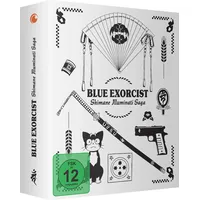 Crunchyroll gmbh Blue Exorcist: Shimane Illuminati Saga - Staffel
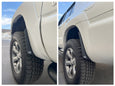 2003-2005 Toyota 4Runner TriXPoly Micro Flare Mudflap Deletes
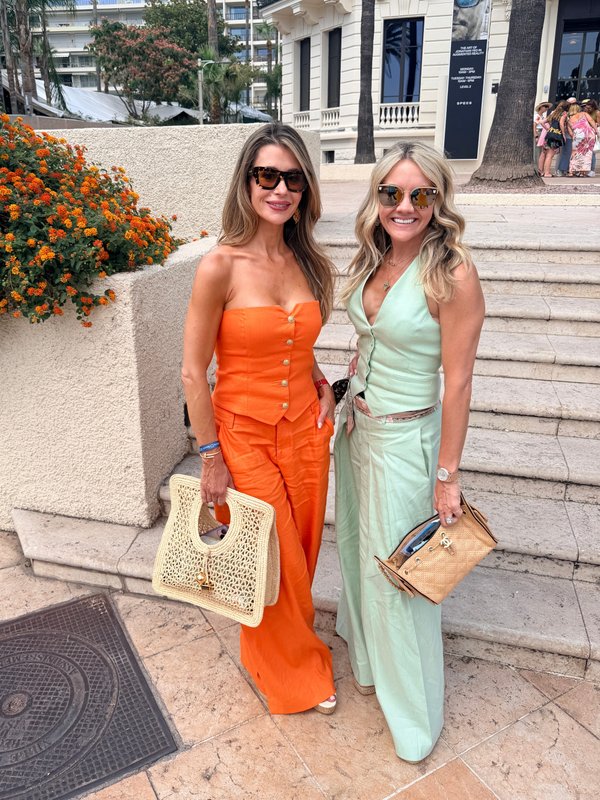 Here are the biggest fashion status symbols we spotted at Cannes Lions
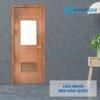 CỬA NHỰA ABS HÀN QUỐC KOS 203GL-W0901 4 Cửa nhựa ABS Hàn Quốc KOS 203GL-W0901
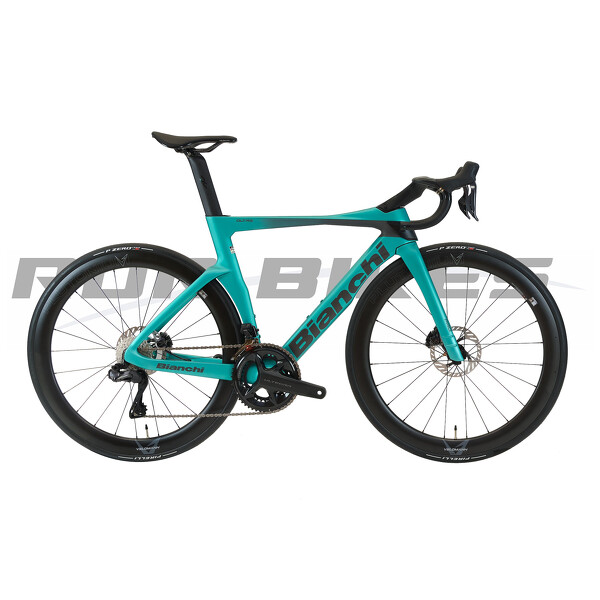 Bianchi Oltre Pro Shimano...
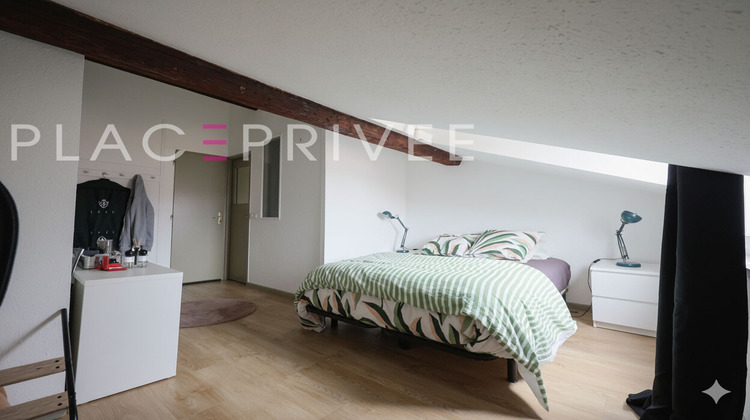 Ma-Cabane - Vente Appartement NANCY, 35 m²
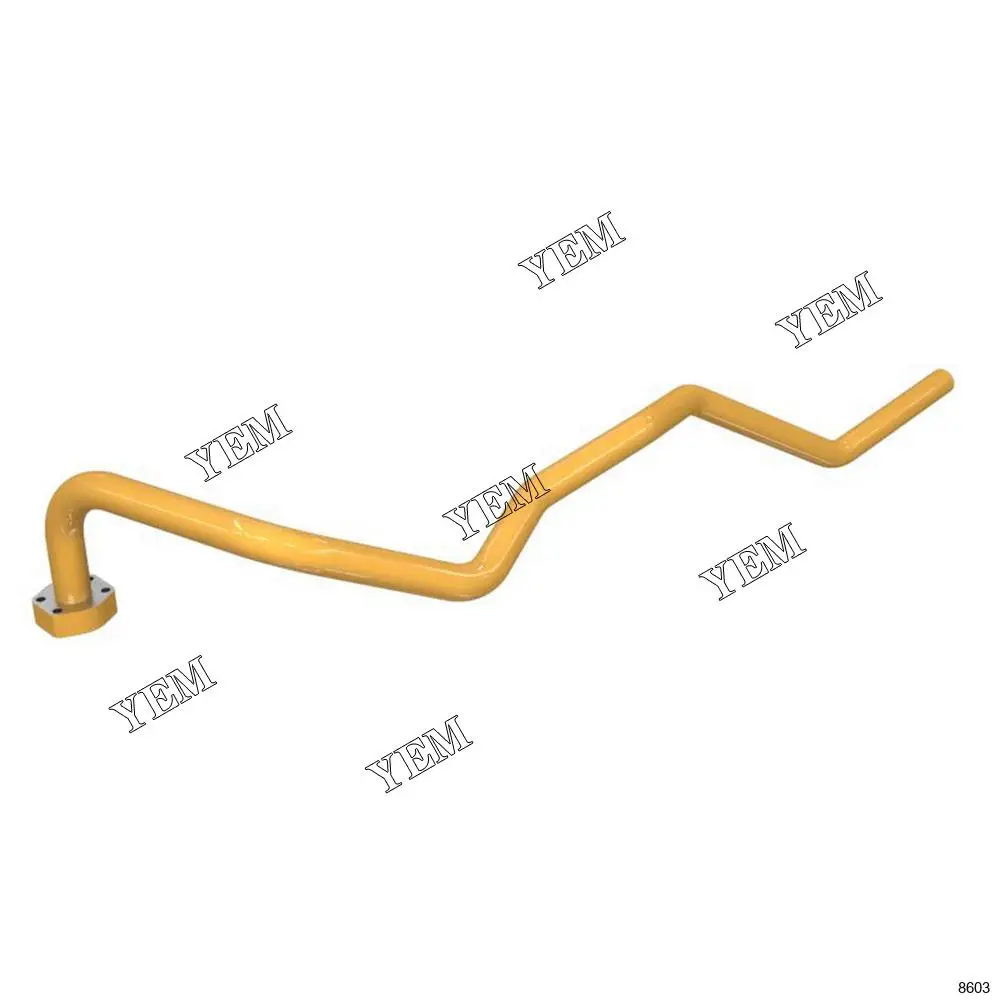 Tube Assembly 424-8039 4248039 Engine Parts Factory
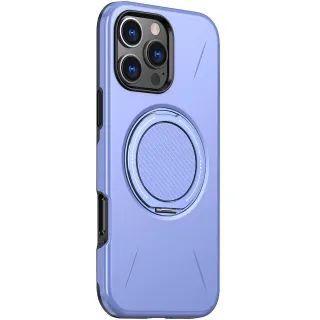 TPU+PC чохол Kalebol Magnetic Case для Apple iPhone 16 Pro Max фото 1 з 3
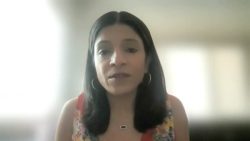 Image of woman with black hair. Image of woman with black hair.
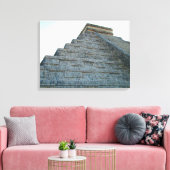 CANCUN, MEXICO #3 CANVAS PRINT キャンバスプリント (インサイチュ (リビング))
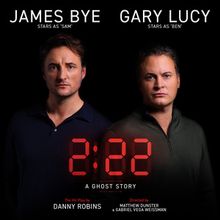 2:22 A GHOST STORY Returns to the Wolverhampton Grand Theatre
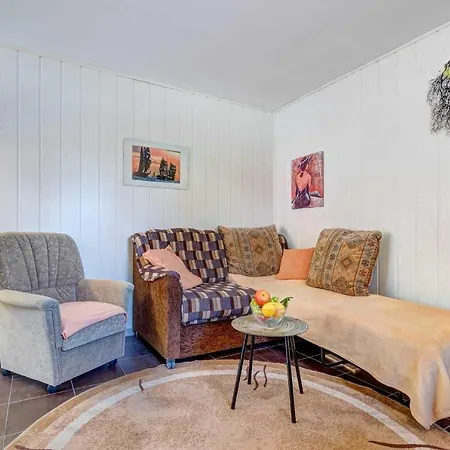Ferienwohnung Ahlbeck B1 Διαμέρισμα *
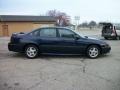 2002 Navy Blue Metallic Chevrolet Impala LS  photo #2
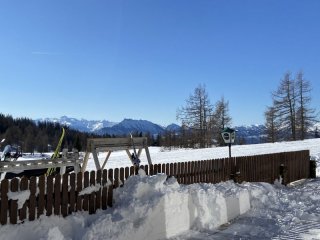 Hotel Berghof Tauplitzalm - Štýrsko - Rakousko, Tauplitz - Lyžařské zájezdy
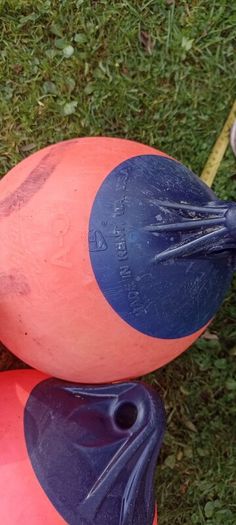Polyform A-Series Round Boat Fenders / Buoys (Sizes A0 & A1)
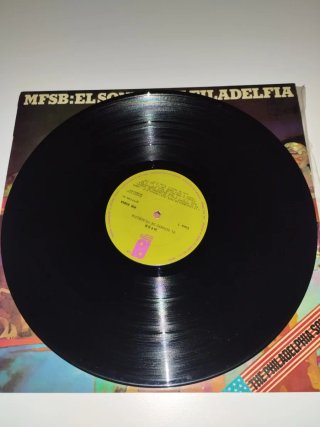 MFSB: El Sonido de Filadelfia Vinilo LP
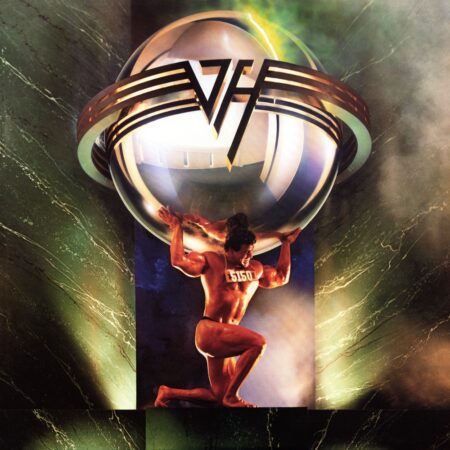 Van Halen. 5150 (CD)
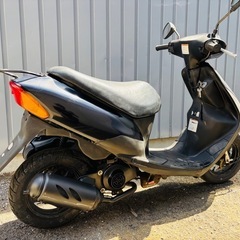 ★レッツ2★整備済車両⭐︎2スト　はやスギィ!!の画像
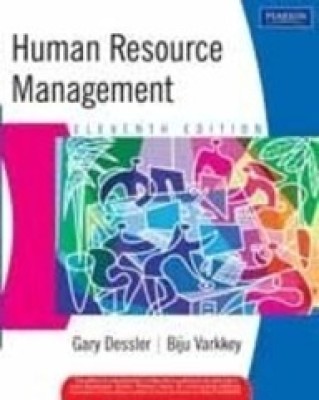Human Resource Management Eleventh Edition ( Used V.good)(Paperback, GARY DESSLER, BIJU VARKEY)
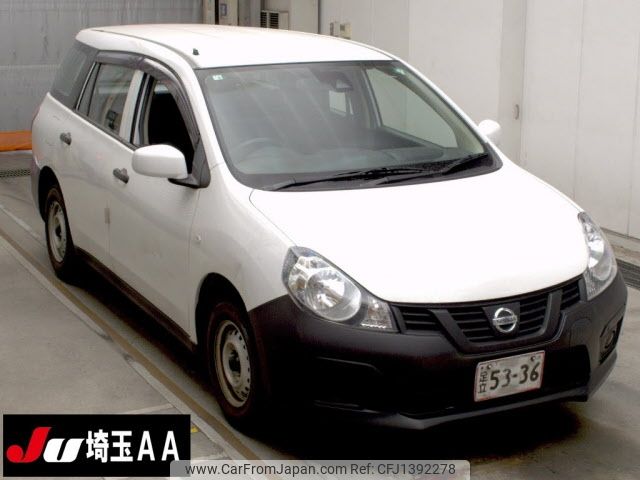 nissan ad-van 2019 -NISSAN--AD Van VY12-268382---NISSAN--AD Van VY12-268382- image 1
******************************
What you are asked to do: The response should consist of the entries above, given again exactly and free of pictures.

Task solution:
 Crunchyroll gmbh Blue Exorcist: Shimane Illuminati Saga - Staffel
 2003-2005 Toyota 4Runner TriXPoly Micro Flare Mudflap Deletes
 Here are the biggest fashion status symbols we spotted at Cannes Lions
 CỬA NHỰA ABS HÀN QUỐC KOS 203GL-W0901 4 Cửa nhựa ABS Hàn Quốc KOS 203GL-W0901
 Bianchi Oltre Pro Shimano...
 Ma-Cabane - Vente Appartement NANCY, 35 m²
 Tube Assembly 424-8039 4248039 Engine Parts Factory
 TPU+PC чохол Kalebol Magnetic Case для Apple iPhone 16 Pro Max фото 1 з 3
 Image of woman with black hair. Image of woman with black hair.
 CANCUN, MEXICO #3 CANVAS PRINT キャンバスプリント (インサイチュ (リビング))
 2:22 A GHOST STORY Returns to the Wolverhampton Grand Theatre
Ferienwohnung Ahlbeck B1 Διαμέρισμα *
 2002 Navy Blue Metallic Chevrolet Impala LS  photo #2
 Hotel Berghof Tauplitzalm - Štýrsko - Rakousko, Tauplitz - Lyžařské zájezdy
Polyform A-Series Round Boat Fenders / Buoys (Sizes A0 & A1)
 MFSB: El Sonido de Filadelfia Vinilo LP
 Van Halen. 5150 (CD)
 ★レッツ2★整備済車両⭐︎2スト　はやスギィ!!の画像
Human Resource Management Eleventh Edition ( Used V.good)(Paperback, GARY DESSLER, BIJU VARKEY)
 nissan ad-van 2019 -NISSAN--AD Van VY12-268382---NISSAN--AD Van VY12-268382- image 1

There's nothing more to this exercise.